- [SOURCE DATA]:
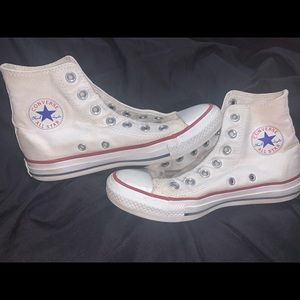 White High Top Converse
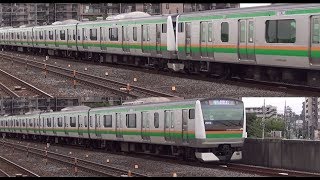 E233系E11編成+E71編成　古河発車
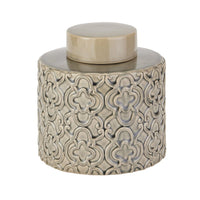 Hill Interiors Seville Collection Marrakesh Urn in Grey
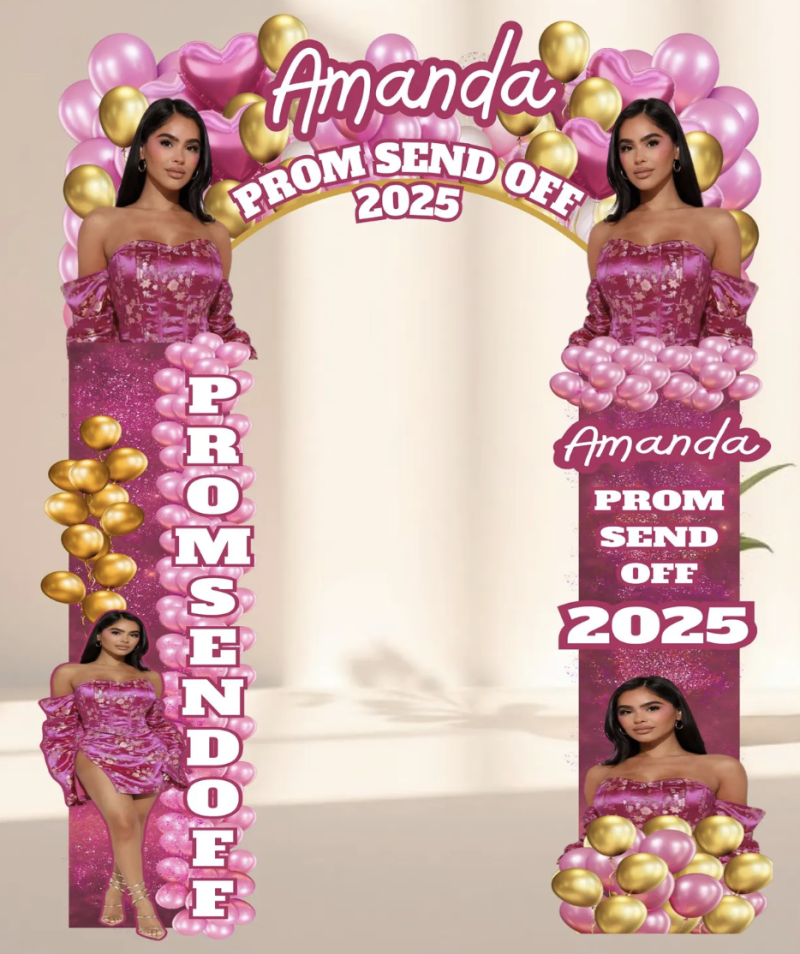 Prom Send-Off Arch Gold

- [EXERCISE DESCRIPTION]: Only text belongs in the copy: repeat each line of the data exactly and leave out the pictures.

- [ANSWER FOR THE TASK]:
 White High Top Converse
 E233系E11編成+E71編成　古河発車
 Hill Interiors Seville Collection Marrakesh Urn in Grey
 Prom Send-Off Arch Gold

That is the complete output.